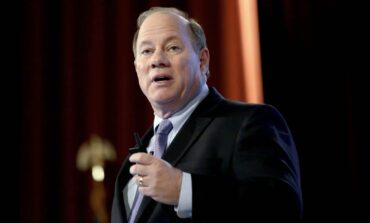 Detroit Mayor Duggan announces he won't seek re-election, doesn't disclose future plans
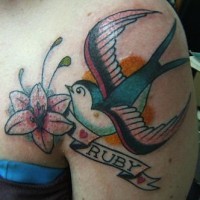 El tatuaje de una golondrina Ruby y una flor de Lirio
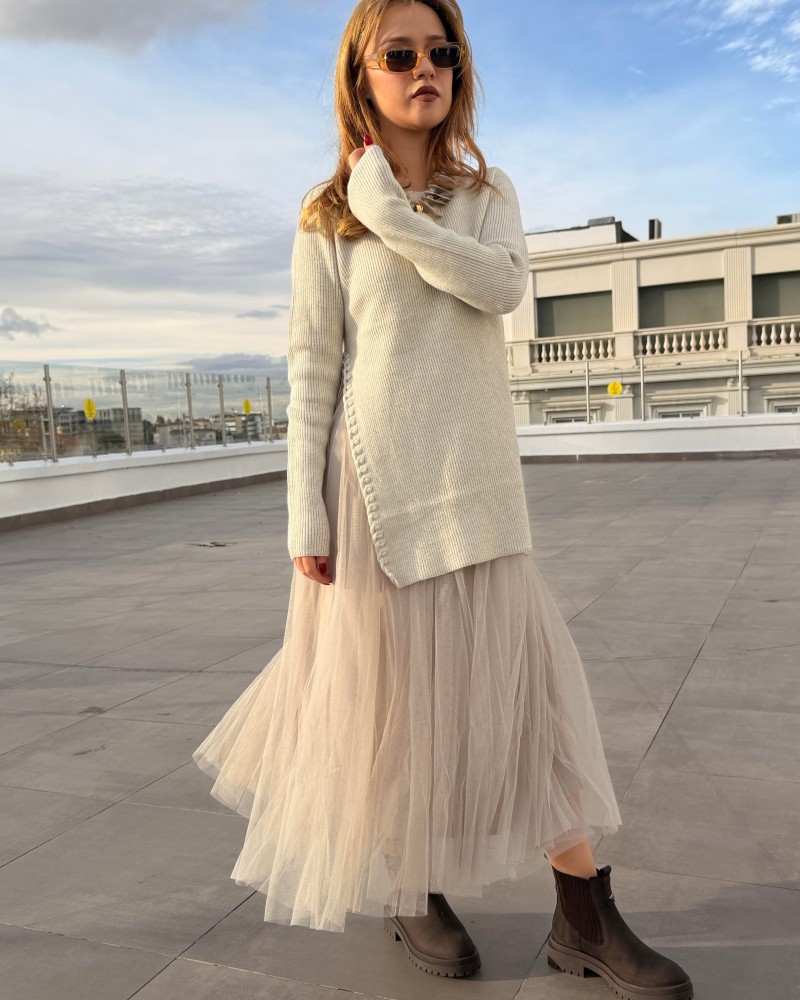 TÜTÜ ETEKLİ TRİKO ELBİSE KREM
————————
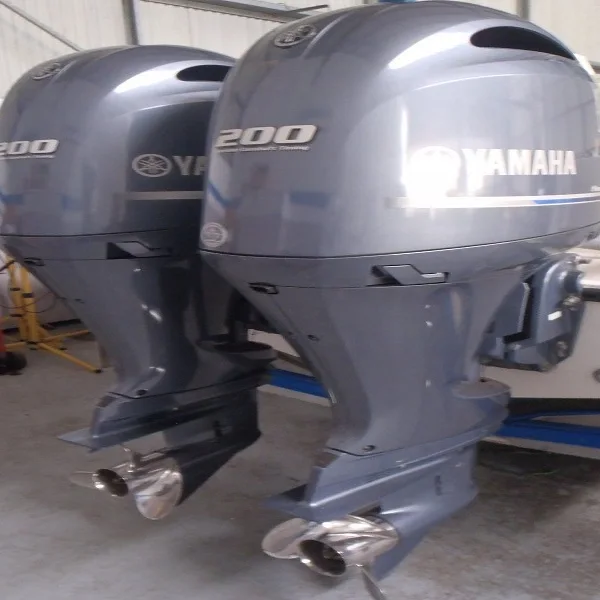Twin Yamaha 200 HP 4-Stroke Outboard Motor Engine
————————
ACTION ITEM:
For this exercise, reproduce exactly the lines of the records above from the one with "Detroit Mayor Duggan" up to and including the one with "TÜTÜ ETEKLİ TRİKO ELBİSE KREM", without pictures.

RESULT OF THE TASK:
 Detroit Mayor Duggan announces he won't seek re-election, doesn't disclose future plans
 El tatuaje de una golondrina Ruby y una flor de Lirio
 TÜTÜ ETEKLİ TRİKO ELBİSE KREM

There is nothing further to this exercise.